Generally, a machine-learning algorithm is serially trained on a voluminous set of training input data and corresponding known results for the input data until a desired level of accuracy is obtained for the machine-learning algorithm to properly predict a correct answer on previously unprocessed input data. Alternatively, a voluminous set of training input data is sampled, the sampled input data is used to serially train the machine-learning algorithm on a smaller set of input data.
During training, the machine-learning algorithm uses a variety of mathematical functions that attempt to identify correlations between and patterns within the training data and the known results. These attributes and patterns may be weighted in different manners and plugged into the mathematical functions to provide the known results expected as output from the machine-learning algorithm. Once fully trained, the machine-learning algorithm has derived a mathematical model that allows unprocessed input data to be provided as input to the model and a predicted result is provided as output.
A machine-learning algorithm can be trained to derive a model for purposes of predicting results associated a wide variety of applications that span the spectrum of industries.
One problem with machine-learning algorithm is the amount of elapsed time that it takes to train the machine-learning algorithm to derive an acceptable model when using a complete training data set. The input sampling approach is more time efficient in deriving a model, but the model is likely not tuned well enough to account for many data attributes and data patterns of the enterprise's data, which are viewed as important by the enterprise in predicting an accurate result.
Thus, the input sampling approach may produce a less accurate or even incorrect model while the full dataset training approach is too time and resource expensive.
In various embodiments, a system, methods, and a system for accelerating machine learning functions are provided.
In one embodiment, a method for accelerating machine learning functions is provided. A first sample data having a first size is obtained from a training data set for a machine-learning algorithm at a start of a training session for the machine-learning algorithm. The first sample data is provided to the machine-learning algorithm and accuracies in predicting known outputs produced by the machine-learning algorithm are noted. When a determination is made that a difference in a most-recent pair of accuracies fails to increase by a threshold, a next sample data having a second size that is larger than the first size is acquired and the processing associated with providing the first sample data is iterated back to with the next sample data.

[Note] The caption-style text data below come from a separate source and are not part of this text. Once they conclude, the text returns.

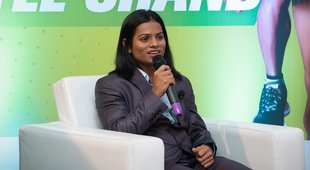 Dutee Chand, Indian Sprinter, Indian Athelete, BMW, Shoes, Non Veg, Meat, Family, 100m Sprint, 2019 Doha World Championships, Dutee Chand, IAAF World Athletic Championships, Sports News, India News, National News, Hindi News, दुती चंद, स्प्रिंटर, एथलीट, जूते, नॉन वेज, मीट, पिता, परिवार, गरीबी, संघर्ष, भारत, दोहा, खेल समाचार, भारत समाचार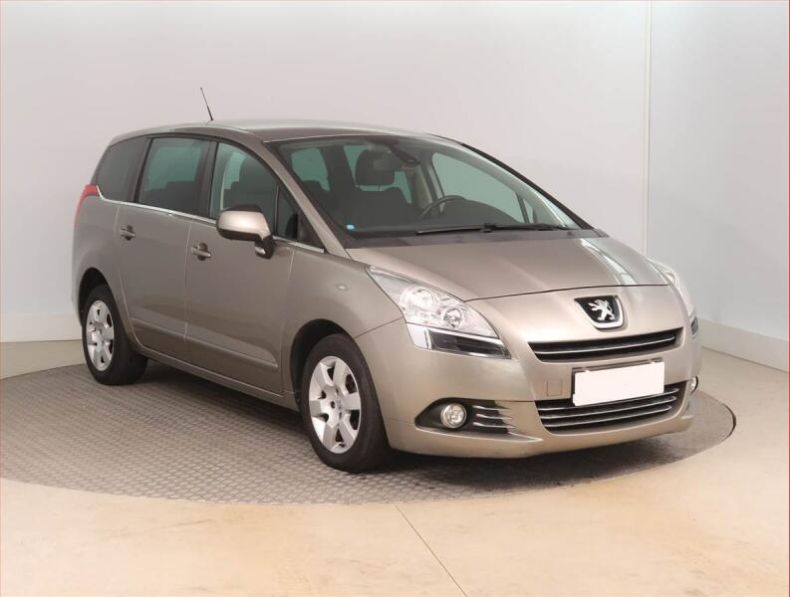 Peugeot 5008 - hlavní foto
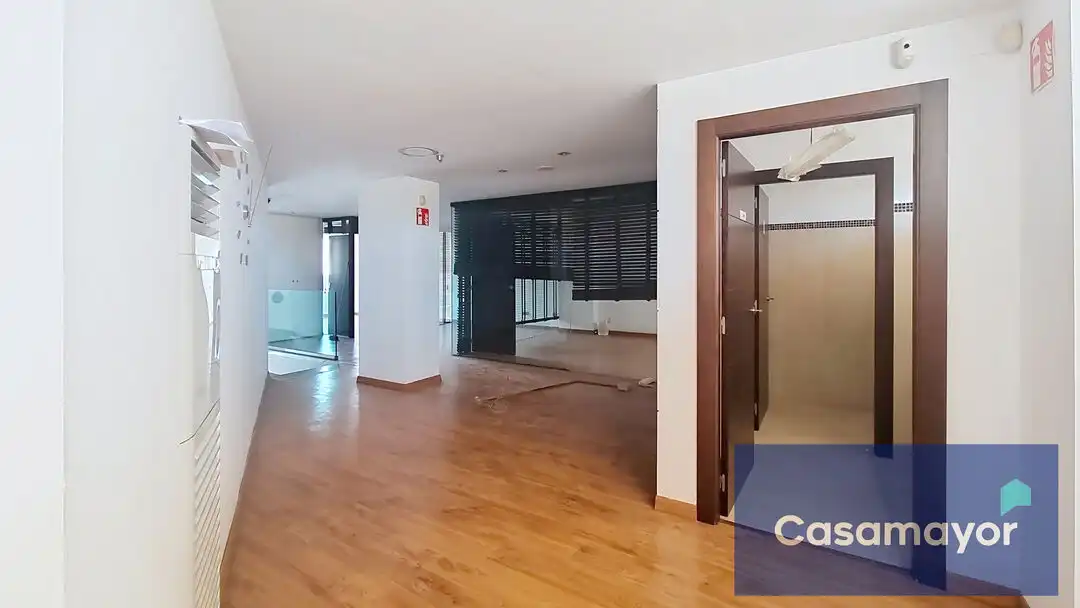 Oficina de lloguer en San Blas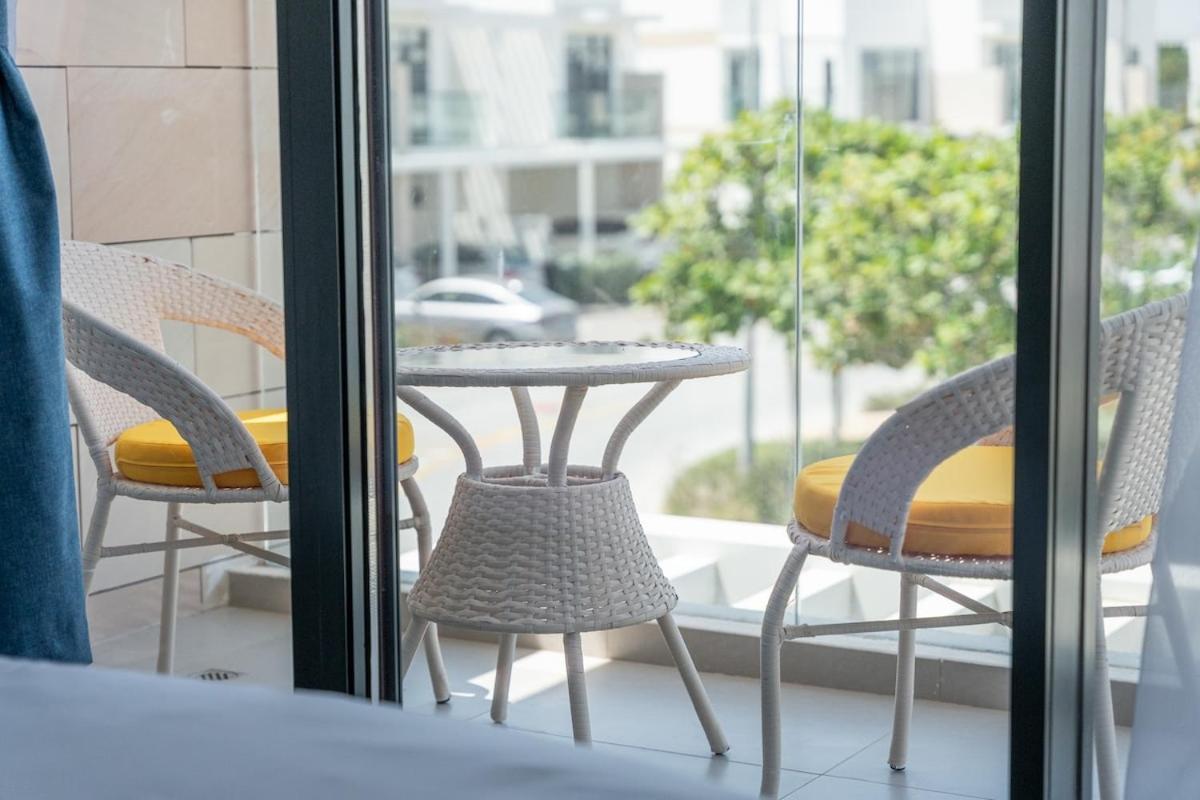 Cozy Stylish 3-bedroom At Damac Hills With Golf Course View Apartment Dubai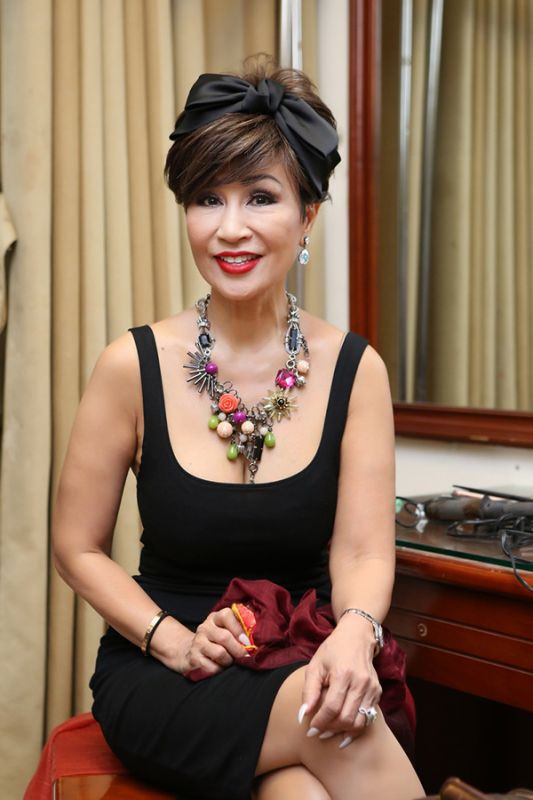 Hiện tại ở tuổi 71, nữ danh ca vẫn rất trẻ trung, xinh đẹp. Cô chăm chỉ tập thể thao để có thể giữ cho lưng thẳng, eo thon.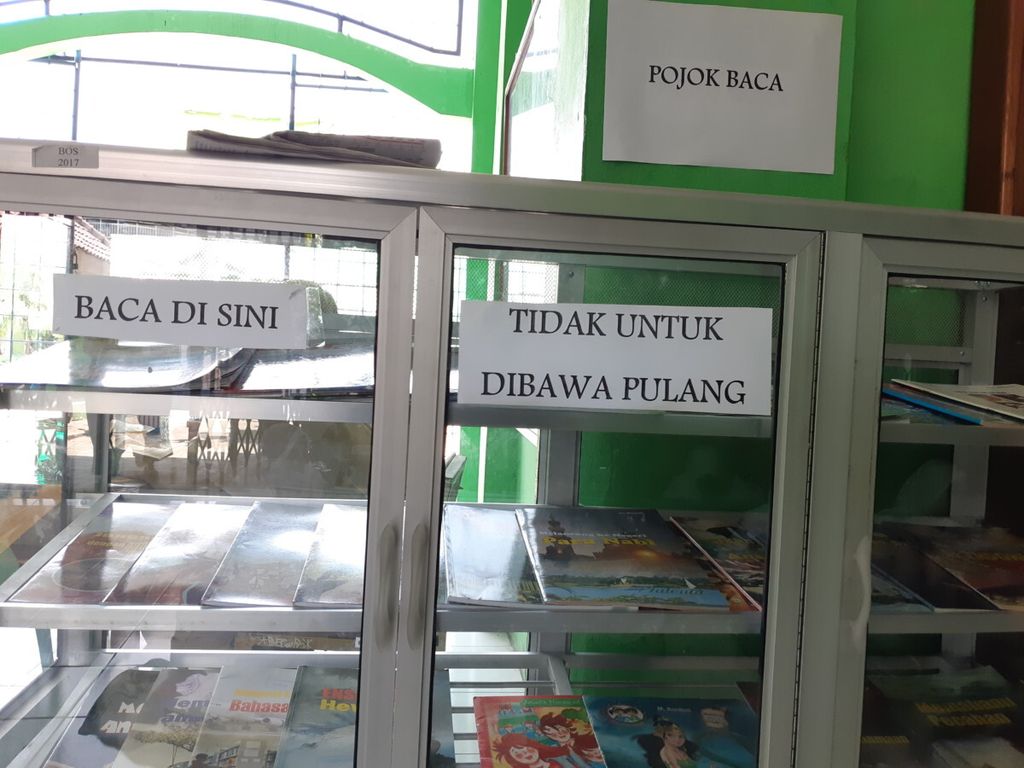 Etalase buku di SMA 13 Tangerang. Peningkatan literasi di sekolah salah satu program Kurikulum 2013. Literasi juga masuk dalam bagian penguatan pendidikan karakter.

Finally, the training session is terminated and a model configuration for the machine-learning algorithm produced when a current accuracy meets a desired accuracy, determined based on a predetermined convergence criterion or threshold.
As will be more completely discussed herein and below, the teachings provided solves the industry debate and problem associated with whether a machine-learning algorithm is best trained utilizing a full training set of data or a sampling of a full training set of data. The techniques herein provides a best of both worlds solution by taking advantages of the fast convergence of the sampling approach while guaranteeing the correctness of the full data set approach. The approach provided seamlessly utilizes smaller samples to move faster to the neighborhood of model solution and uses larger samples, or full data set, to converge and seal a final accurate model. In an embodiment, the techniques are implemented using a Generalized Linear Model (GLM) regression and K-Means clustering functions.
The system 100 includes: a training data controller 110, a machine-learning algorithm (MLA) 120 having MLA functions 121, training data (training data set(s)) 130, and a final model 140 representing a full-trained configuration of the MLA 120 and the functions 140 for producing predicted outputs on new and previously unprocessed input data (which may or may not have been part of the training data set 130).
It is to be noted that the desired problem being addressed with the MLA 120 and the Model 140 can be any situation in which a ML solution is desired from an enterprise. This can range for image recognition and tracking to decisions as to whether fraud is present in a transaction. In fact, any problem for which there is input data and a desired classification or output decision on that input data can be used.
The system 100 permits the desired model 140 configuration for the MLA 120 and its functions 121 to be efficiently and quickly trained to produce an accuracy in predicting results equivalent to a MLA 120 trained on full data set of training data and known results.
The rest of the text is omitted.